A mysterious terrestrial reptile unearthed in a Scottish sandstone over 100 years ago turns out to be part of a famous flying family. Tiny Scleromochlus taylori was a close relative of pterosaursthe winged reptiles that lived alongside dinosaurs, researchers report online Oct. 5 in Nature.
This discovery supports the idea that pterosaurs – the first vertebrates to master powered flight – evolved from small, fast, two-legged ancestors.
The study also offers an answer to a long-standing mystery: what, exactly, was S.taylori? “It all comes down to preserving this animal,” says Davide Foffa, a paleontologist at the National Museums Scotland in Edinburgh.
S.taylori is fully known from seven individuals preserved in rocks discovered in 1907, fossils that are difficult to interpret. For one, there are no actual bones, just impressions of the surrounding rock; the bones have long vanished. Many studies have described and redescribed the creature from these fossils. And these analyzes in turn suggested that S.taylori was most closely related to dinosaurs, or pterosaurs, or even crocodilian ancestors.
What was clear was that the tiny reptile, which lived around 230 million years ago, had a very odd set of body proportions, Foffa says. Measuring less than 20 centimeters long, “it would fit in the palm of your hand”, but its head was very large for its body. It also had a short neck and long hind limbs. But this sketch is not enough to identify the creature’s closest relatives; which requires finer details of the skull, jaw, body proportions and more.
So Foffa and his colleagues used a noninvasive scanning technology called microcomputer tomography to collect previously inaccessible data on fossils, from the length of its tail to the size of its foot bones to the shape of its jaw. .
Some of the creature’s features – like its giant head – are similar to pterosaurs. Others, like the orientation of its lower jaw, don’t look like pterosaurs at all, the team found. S.taylori had no identifiable adaptations for flying, jumping or living in trees, the team said. Instead, it was probably a runner.

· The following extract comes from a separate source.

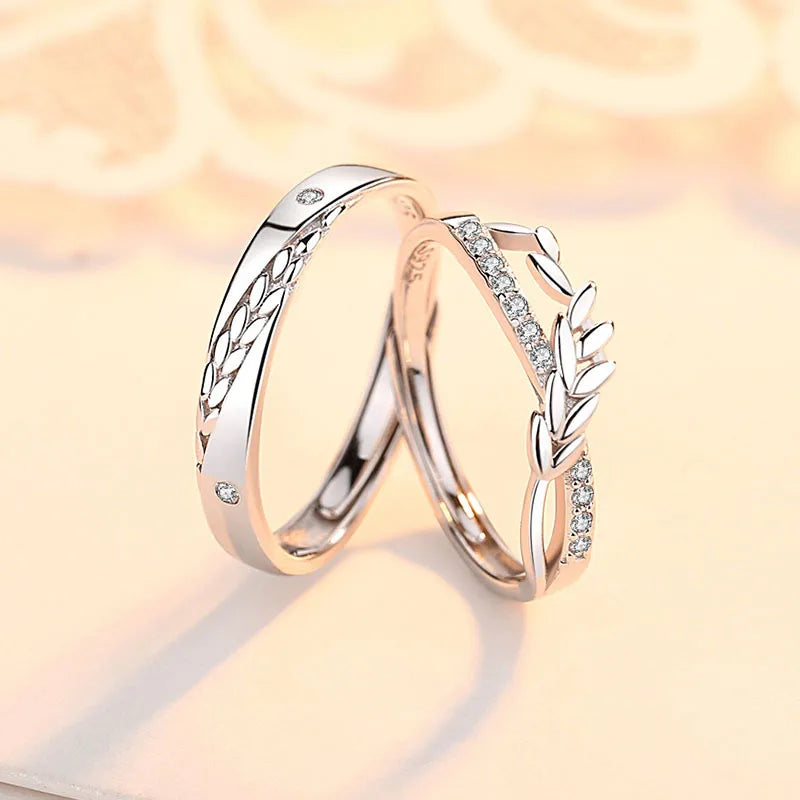 Set of Heartbeat Heartbeat Friendship Rings BFF Best Friends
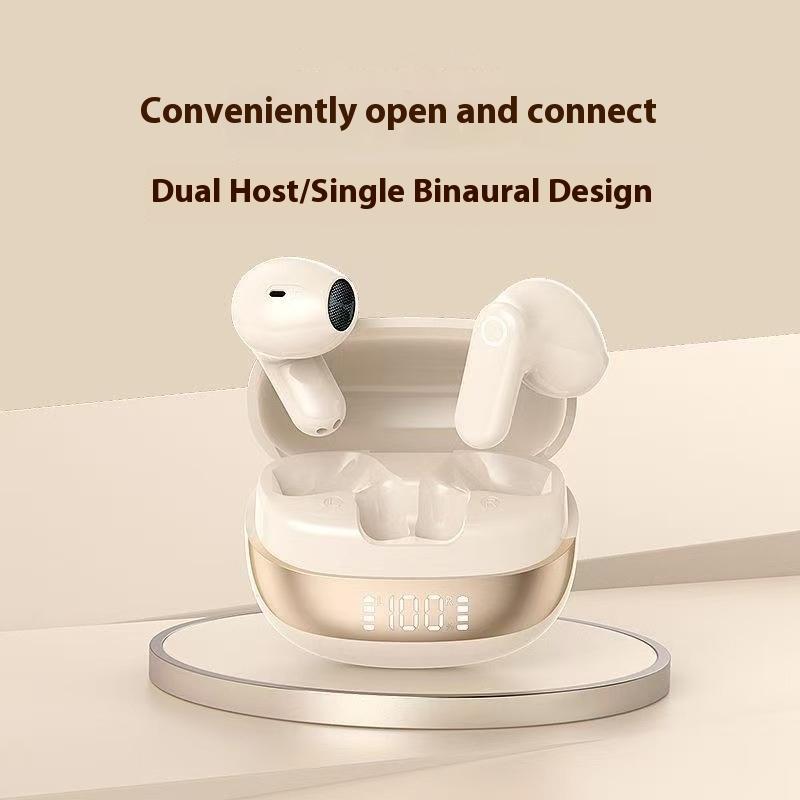 Wireless Earphones Bluetooth TWS 5.3 Stereo Earbuds Hifi Headphones HD Microphone Headsets For M212 Music Headset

One of the most important new insights concerns the structure of the creature’s femur. It bore strong similarities to pterosaurs and a group of small land reptiles called lagerpetids. In particular, the bottom of the femur bone, where it would connect to the lower leg, bears a structure characteristic of lagerpetids, Foffa explains.

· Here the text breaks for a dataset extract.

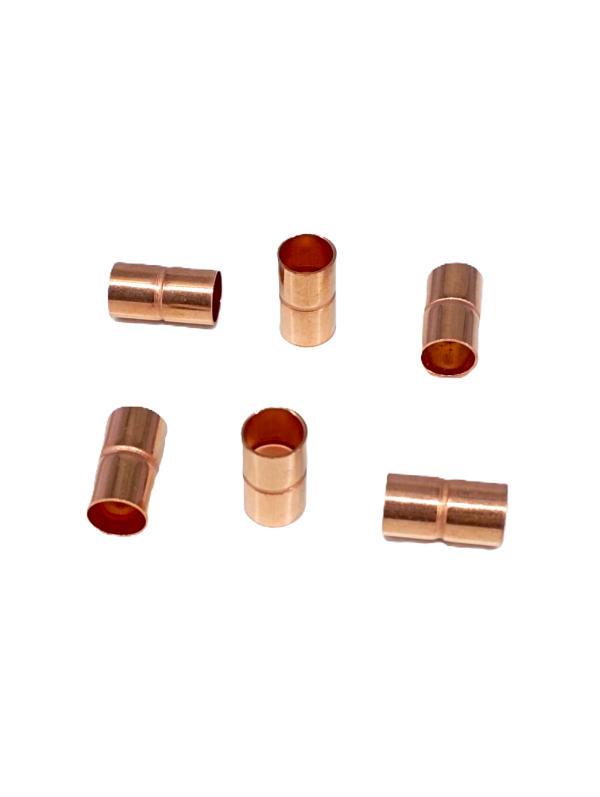 AFTC-CCO-032 3/8 COPPER COUPLING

Taken together, the new data suggests the creature was almost certainly a lagerpetid. Although lagerpetids do not fly, they and pterosaurs have recently been recognized as being very closely related, part of a group collectively called pterosauromorphs. The common ancestor of pterosauromorphs was probably a small, fast reptile.
S.taylori, which has features of both, may be a very early lagerpetid, evolving soon after these two pterosauromorph lineages separated. That it turned out there were so many features present in both was “kind of a surprise,” says Martín Ezcurra, a paleontologist at the Argentine Museum of Natural Sciences in Buenos Aires, who was not involved in the news. study. But based on the reanalysis of the fossils, the conclusion that S.taylori was an early lagerpetid makes a lot of sense, he says.
Pterosaurs first appear in the fossil record around 220 million years ago, and their anatomy is distinct, including massive heads for their body sizes and the super elongated fourth digits that were part of their wings (SN: 10/12/10). S.taylori has a big head, but his hands are still small, notes Ezcurra. “We are missing several intermediate forms between the two that carry characteristics related to active flight,” he says. But this new analysis of ancient fossils brings scientists one step closer to when pterosaurs unique and highly flight-adapted bodies began to evolveSN: 07/22/21).
It’s hard to say what such a proto-pterosaur might look like, says Hans Sues, a paleontologist at the Smithsonian Institution in Washington, DC, who was not involved in the new study. “Scleromochlus is a small animal, and it is conceivable that a form related to the small body climbed the trees and eventually gave rise to a proto-pterosaur – perhaps through an intermediate gliding stage.